There you have it! I can’t wait to visit again as I really enjoyed myself and the country’s national airline, Qatar Airways, is one of the best airlines in the world. When their new airport opens up in the fall of 2012 this destination will be even better so add it to your list of must-visit destinations.

Comments

  1. Enjoyed your pics. I had no idea Qatar was so developed. Great night capture of the skyline, kinda reminds me of a Chinese skyline.

  2. “They live in comfortable residences” Really? Have you seen them? I have been to several UAE, and Oman. They treat their workers like endentured servants. And this doesn’t bother you?

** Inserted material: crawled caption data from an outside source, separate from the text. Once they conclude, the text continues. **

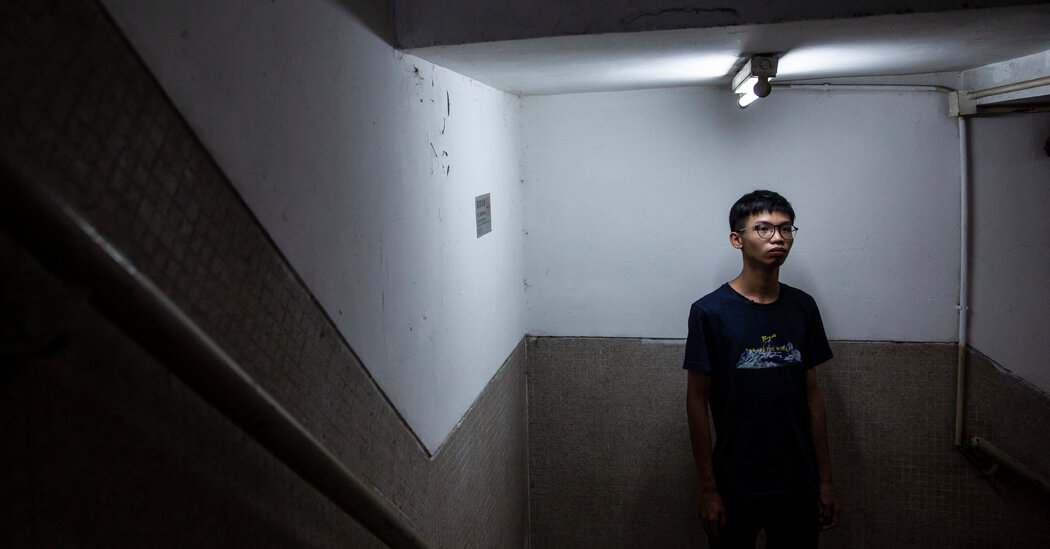 Hong Kong Activist Flees to Britain, Citing Police Pressure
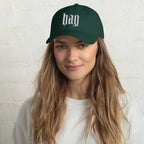 Black dad hat embroidered with the word ‘HAG’ in ornate vintage gothic lettering. Alternative fashion accessory with queer streetwear aesthetic, witchy fashion, sarcastic humor, feminist style, indie fashion, spooky cute apparel, gothic embroidery, punk inspired streetwear, adjustable baseball cap, casual everyday alternative outfit, internet humor fashion, artsy accessory, and edgy statement hat for concerts, festivals, casual wear, and alternative wardrobes.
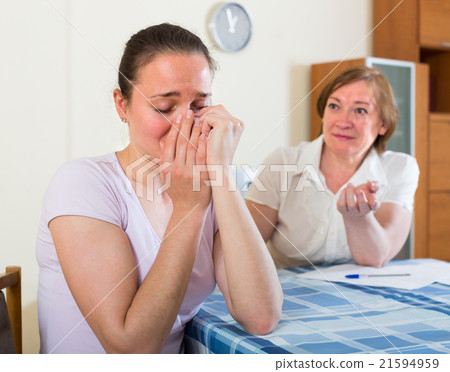 Sad mother and daughter with documents 21594959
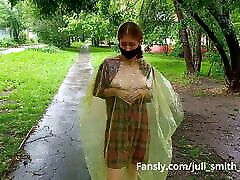 Girl in a raincoat flashing bigboob webcam and ass on the city streets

How can you have kudos for a country where, as you say “no one works” yet the immigrant worker has to get permission to leave? Clearly it is great for the elite few but the poor foreigners working conditions are akin to slavery. You can keep that part of the world. Maybe you don’t care about human rights violations.

    • hi there Laura , yes we do live in comforte and yes we use workers who come from all the world to work here but our human rights violations is not as bad as you make it ,i am not saying we are angel’s but we are not as bad as you make it ,thanks and waiting you replay

  3. Thank you J.J.
    for this nice fotos.
    I have been to Qatar in 2006, but it seems it has changed a lot again. I did not have such a nice hotel as you, but still I remember friendly people.
    greetings,
    Leopold

  4. Howdy John,
    Not only have I heard of Qatar, but I do a Qatar Airways T-Shirt!
    Two issues:
    1. Is it Pronounced Ka-Tar, or Cutter (I have heard it both ways).
    2. I always thought Brunei was the World’s wealthiest country, but I guess in recent years the Emirates countries have put them down the list!

  5. I love the images of the skyscrapers. Looks like a very modern city and a good destination for architecture buffs like me. And I’d love to visit the Spice Market. The food looks awesome. Bet I would get a few new ideas on how to spice up my dishes at home?

  6. Yeah… Qatar is a great place to be in. I guess that should be my next destination now. I went to Oman some time back with the same notion and returned impressed. Oman may not be the richest nation in the world but it thrives on luxury and a life in Oman is truely well-lived.

  7. Hi,

    I enjoy reading about your adventures, Johnny. However, in your story about visiting Qatar, you repeat the phrase “tons of…” three times.

    There are many descriptive adjectives that could be used instead – “tons” of anything is meaningless.

  8. Sandboarding looks awesome. How difficult it is compared to snowboarding?

  9. self-appointed fact-checker says:

    the total population of Qatar is 1,853,563 people, and that’s based on the 2010 census; its one of the fastest-growing cities in the world, population-wise. What, you have something against Wikipedia? : )

  10. Great post, I would love to go there one day.